### LISTED RECORDS
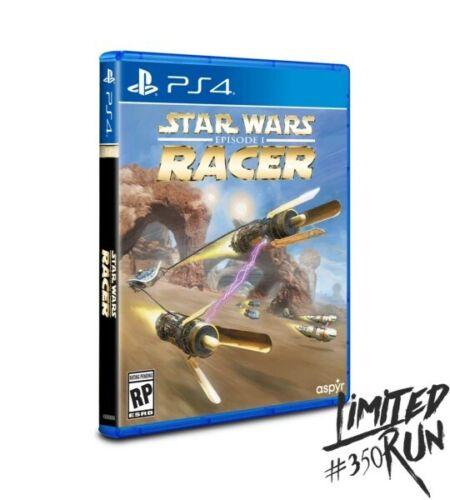 Star Wars Episode 1 Racer - PlayStation 4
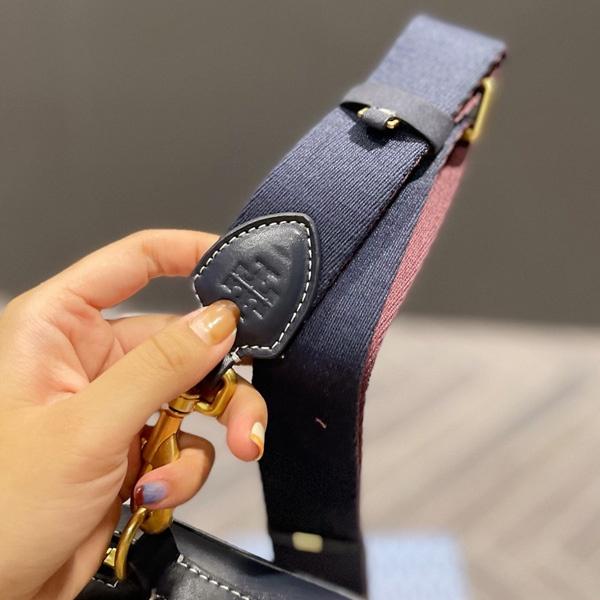 vivian美國代購✨正品 Tory Burch 女生帆布相機包 TB 小方包 女包 側背包 單肩包 斜挎包 斜背包-細節圖6
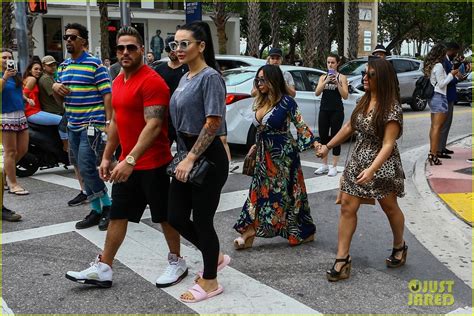 Photo: jersey shore cast begins filming reunion show in miami 24 ...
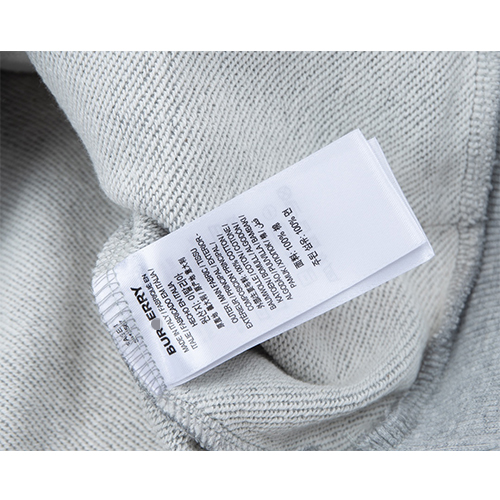 バーバリー偽物恋人  ファッション  パーカー フード Tシャツ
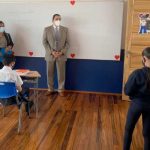 Visita a escuela República de Nicaragua en Costa Rica nicaragua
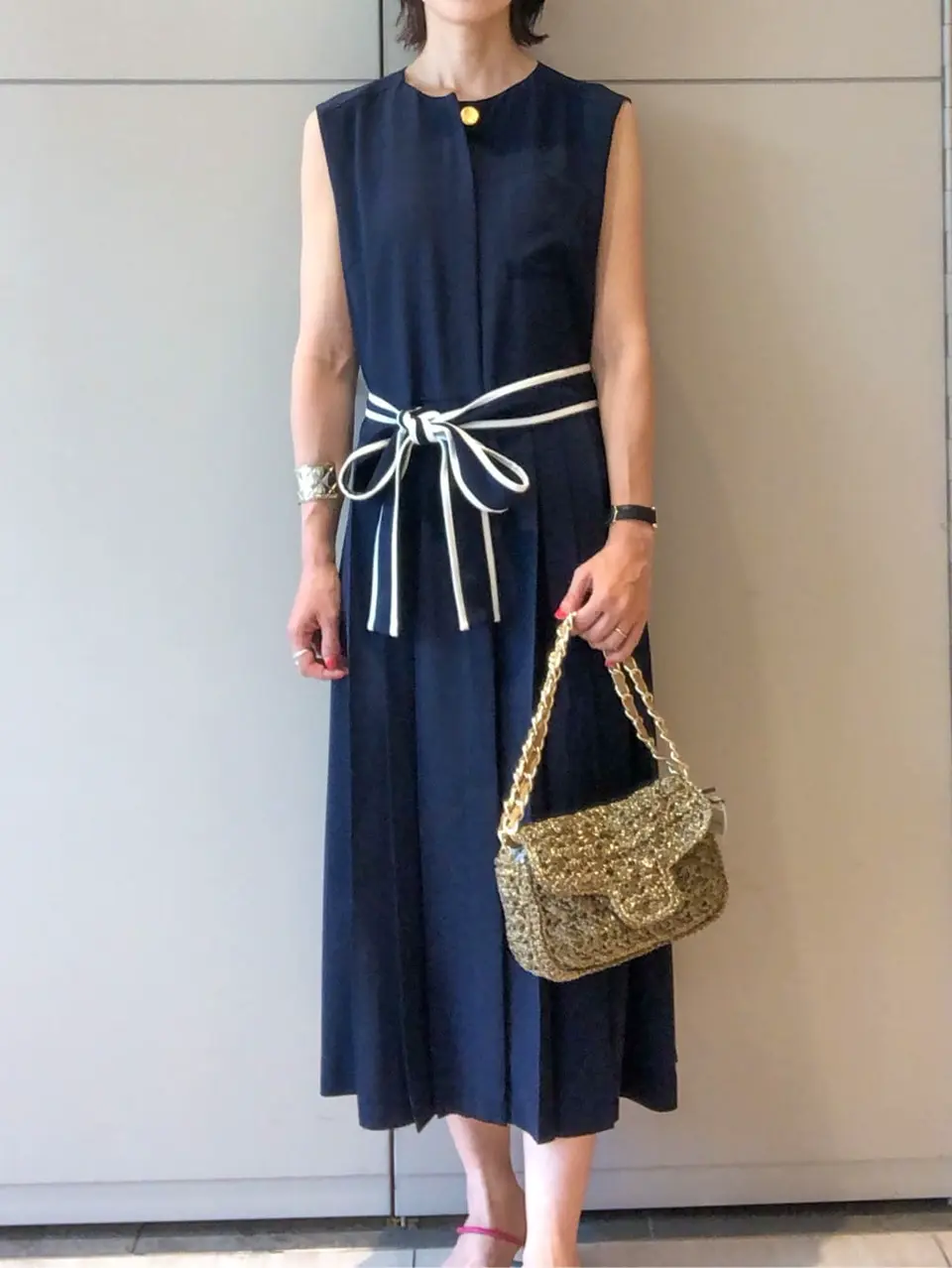 GRACE CONTINENTAL The Banquet 尾田亜沙美 コーディネート画像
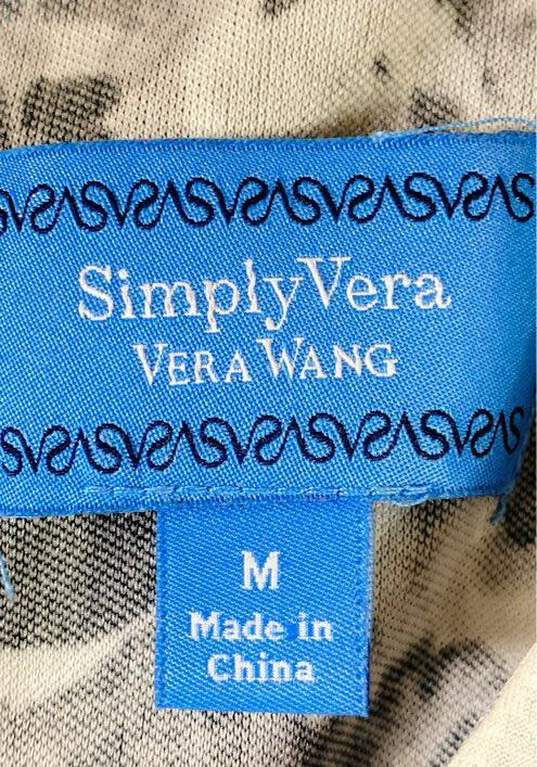 Simply Vera Vera Wang Floral Casual Dress - Size Medium image number 3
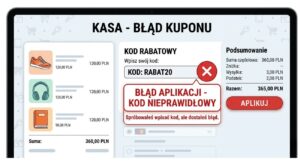 Co zrobić jeśli kod czy kupon rabatowy nie działa?
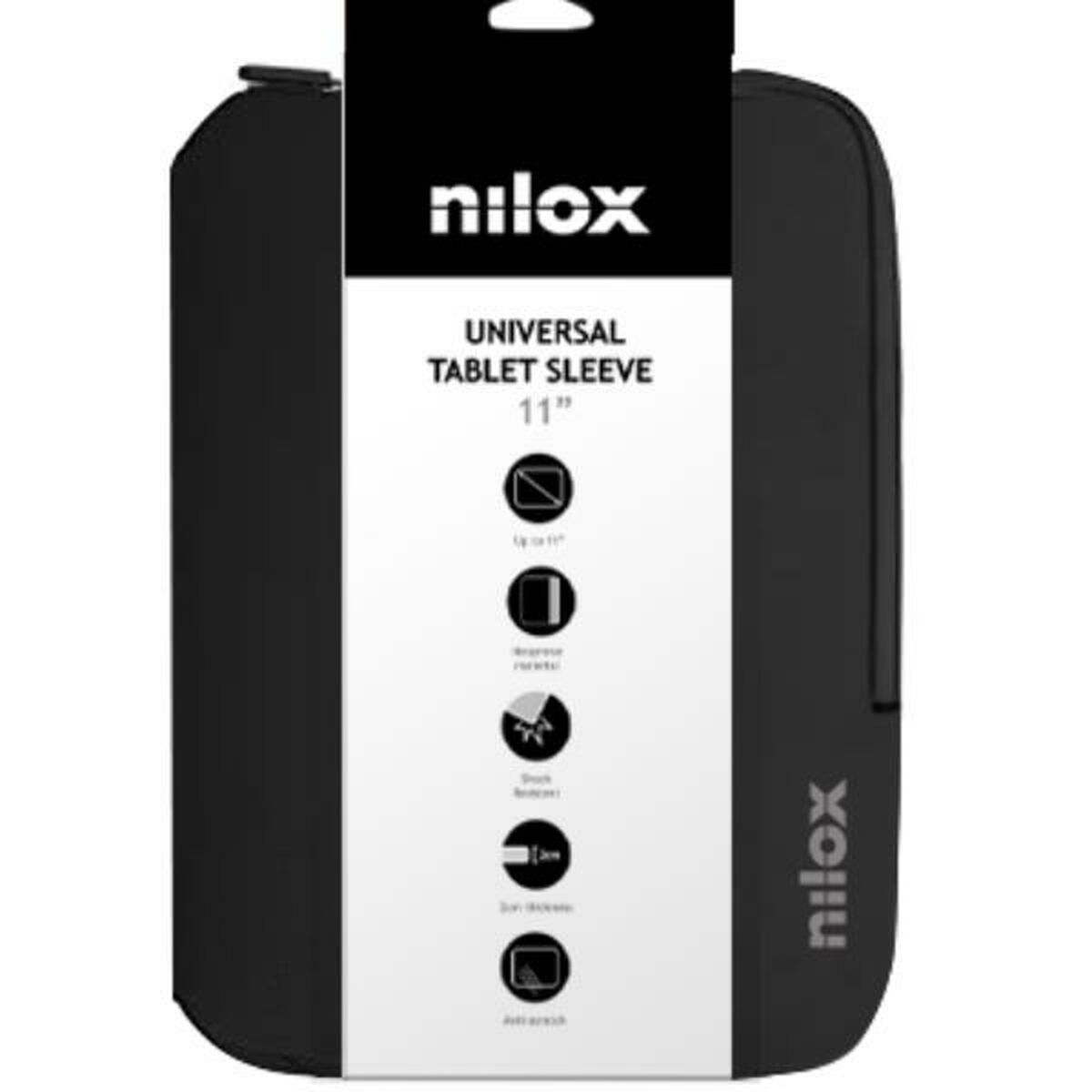 Fodral till Läsplatta Nilox NXFS002 Svart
######
* [BRIEF]
Set the lines down exactly as they stand, from the one containing "GRACE CONTINENTAL The" through the end of the listing, omitting every picture.

* [ANSWER SPACE]
 GRACE CONTINENTAL The Banquet 尾田亜沙美 コーディネート画像
 Simply Vera Vera Wang Floral Casual Dress - Size Medium image number 3
 Co zrobić jeśli kod czy kupon rabatowy nie działa?
 Fodral till Läsplatta Nilox NXFS002 Svart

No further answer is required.